Melanchthon's animosity ran high not only against such extremists as Saliger (Beatus) and Fredeland (both were deposed in Luebeck 1568 and Saliger again in Rostock 1569) who taught that in virtue of the consecration before the use (ante usum) bread and wine are the body and blood of Christ, denouncing all who denied this as Sacramentarians (Gieseler 3, 2, 257), but also against all those who faithfully adhered to, and defended, Luther's phraseology concerning the Lord's Supper. He rejected the teaching of Westphal and the Hamburg ministers, according to which in the Lord's Supper, the bread is properly called the body of Christ and the wine the blood of Christ, and stigmatized their doctrine as "bread-worship, artolatreia." (C. R. 8, 362. 660. 791; 9, 470. 962.)
In a similar manner Melanchthon ridiculed the old Lutheran teaching of the omnipresence of Christ according to His human nature as a new and foolish doctrine. Concerning the Confession and Report of the Wuerttemberg Theologians, framed by Brenz and adopted 1559, which emphatically asserted the real presence, as well as the omnipresence of Christ also according to His human nature, Melanchthon remarked contemptuously in a letter to Jacob Runge, dated February 1, 1560 and in a letter to G. Cracow, dated February 3, 1560, that he could not characterize "the decree of the Wuerttemberg Fathers (Abbates Wirtebergenses) more aptly than as Hechinger Latin (Hechingense Latinum, Hechinger Latein)," i. e., as absurd and insipid teaching. (9, 1035f.; 7, 780. 884.)
204. Melanchthon Claimed by Calvin
In 1554 Nicholas Gallus of Regensburg republished, with a preface of his own, Philip Melanchthon's Opinions of Some Ancient Writers Concerning the Lord's Supper. The timely reappearance of this book, which Melanchthon, in 1530, had directed against the Zwinglians, was most embarrassing to him as well as to his friend Calvin. The latter, therefore, now urged him to break his silence and come out openly against his public assailants. But Melanchthon did not consider it expedient to comply with this request. Privately, however, he answered, October 14, 1554: "As regards your admonition in your last letter that I repress the ignorant clamors of those who renew the strife concerning the bread-worship, know that some of them carry on this disputation out of hatred toward me in order to have a plausible reason for oppressing me. Quod me hortaris, ut reprimam ineruditos clamores illorum, qui renovant certamen peri artolatreias, scito, quosdam praecipue odio mei eam disputationem movere, ut habeant plausibilem causam ad me opprimendum." (8, 362.)

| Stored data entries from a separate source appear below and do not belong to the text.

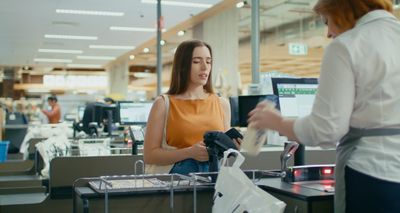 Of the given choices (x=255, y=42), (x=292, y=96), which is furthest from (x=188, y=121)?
(x=255, y=42)

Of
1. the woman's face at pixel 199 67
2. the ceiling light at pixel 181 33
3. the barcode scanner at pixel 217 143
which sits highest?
the ceiling light at pixel 181 33

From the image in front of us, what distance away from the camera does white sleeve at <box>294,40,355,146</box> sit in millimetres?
1310

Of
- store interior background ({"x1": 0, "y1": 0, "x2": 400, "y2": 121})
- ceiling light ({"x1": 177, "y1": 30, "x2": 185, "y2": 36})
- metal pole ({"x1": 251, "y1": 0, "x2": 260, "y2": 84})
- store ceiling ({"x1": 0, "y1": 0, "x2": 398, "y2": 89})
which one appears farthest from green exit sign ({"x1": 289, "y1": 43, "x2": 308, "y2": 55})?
metal pole ({"x1": 251, "y1": 0, "x2": 260, "y2": 84})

Fully persuaded that he was in complete doctrinal agreement with his Wittenberg friend on the controverted questions, Calvin finally, in his Last Admonition (Ultima Admonitio) to Westphal, 1557, publicly claimed Melanchthon as his ally, and implored him to give public testimony "that they [the Calvinists and Zwinglians] teach nothing foreign to the Augsburg Confession, nihil alienum nos tradere a Confessione Augustana." "I confirm," Calvin here declared, "that in this cause [concerning the Lord's Supper] Philip can no more be torn from me than from his own bowels. Confirmo, non magis a me Philippum quam a propriis visceribus in hoc causa posse divelli." (C. R. 37 [Calvini Opp. 9], 148. 149. 193. 466; Gieseler 3, 2, 219, Tschackert, 536.) Melanchthon, however, continued to preserve his sphinxlike silence, which indeed declared as loud as words could have done that he favored the Calvinists, and was opposed to those who defended Luther's doctrine. To Mordeisen he wrote, November 15, 1557: "If you will permit me to live at a different place, I shall reply, both truthfully and earnestly to these unlearned sycophants, and say things that are useful to the Church." (C. R. 9, 374.)